My studio is in south Manchester, England, where I have lived for the past decade. I generally price my paintings on the time they take me.
Would you like to commission me?

Use the Contact me page to message me if you have an idea you’d like to discuss. I am ambitious to be commissioned to paint a much bigger cityscape than any I’ve attempted to date. See the description of the Shambles Square painting to see what I envisage.

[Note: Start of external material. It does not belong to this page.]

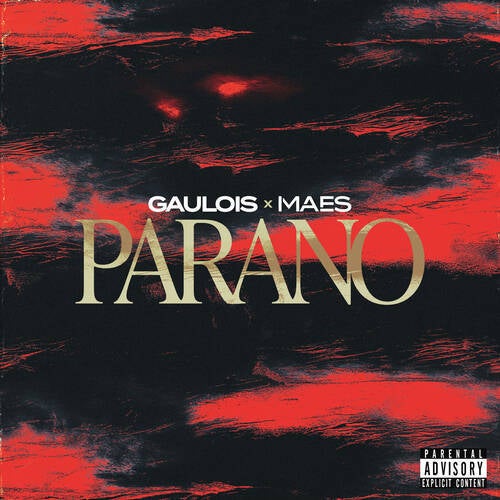 PARANO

If you commission me I will draw up a simple contract with a breakdown of costs to ensure both parties know what to expect. In view of the fact that I work in several styles and media, I will make sure that we both agree the best style and medium for the project. I will require a non-refundable deposit of 50% of the quoted price, with the remaining balance due upon completion. I would only take on projects that I am very confident of handing over to you with pride. To date, I have not had a disappointed client, and have found it very gratifying handing over work that the client values as special. I have worked with corporate clients and individuals and, of course, family members, who are not only the most demanding clients of all, but never pay me!

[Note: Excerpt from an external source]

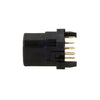 LG Part# EAG60841811 Phone Jack - Genuine OEM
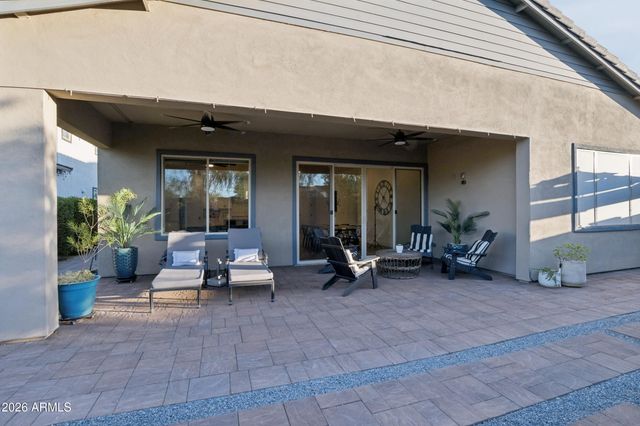 1444 E JUDE Lane, Gilbert, AZ 85298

My large highly-detailed realism of complex subjects, such as my recent Manchester paintings, have each taken several months, and I have priced them accordingly. My looser, painterly styles, such as my skyscapes, can take as little as two or three days if they go to plan!
Pet portraits in pastel take me around two days. I can work from animal photographs providing that the quality is good enough. Human portraits are more of a challenge and can take one to two weeks for pastel portraits. I have not yet attempted a portrait in oils, and so naturally I would be reluctant to do one to commission until I’ve experimented with self-portraits and portraits of family members in oils.

Pre-portrait trial-and-error sketches from life in charcoal, in this case with a life model for a nude figurative piece: “The Yorkshire Muse”
For human portraits, I require at least one life session with the subject. I will do some rough sketches and take photographs. The purpose of these sessions is for me get to know the subject. Only when the face of the portrait subject is familiar to me in real life do I feel confident in capturing the character and likeness in a painting.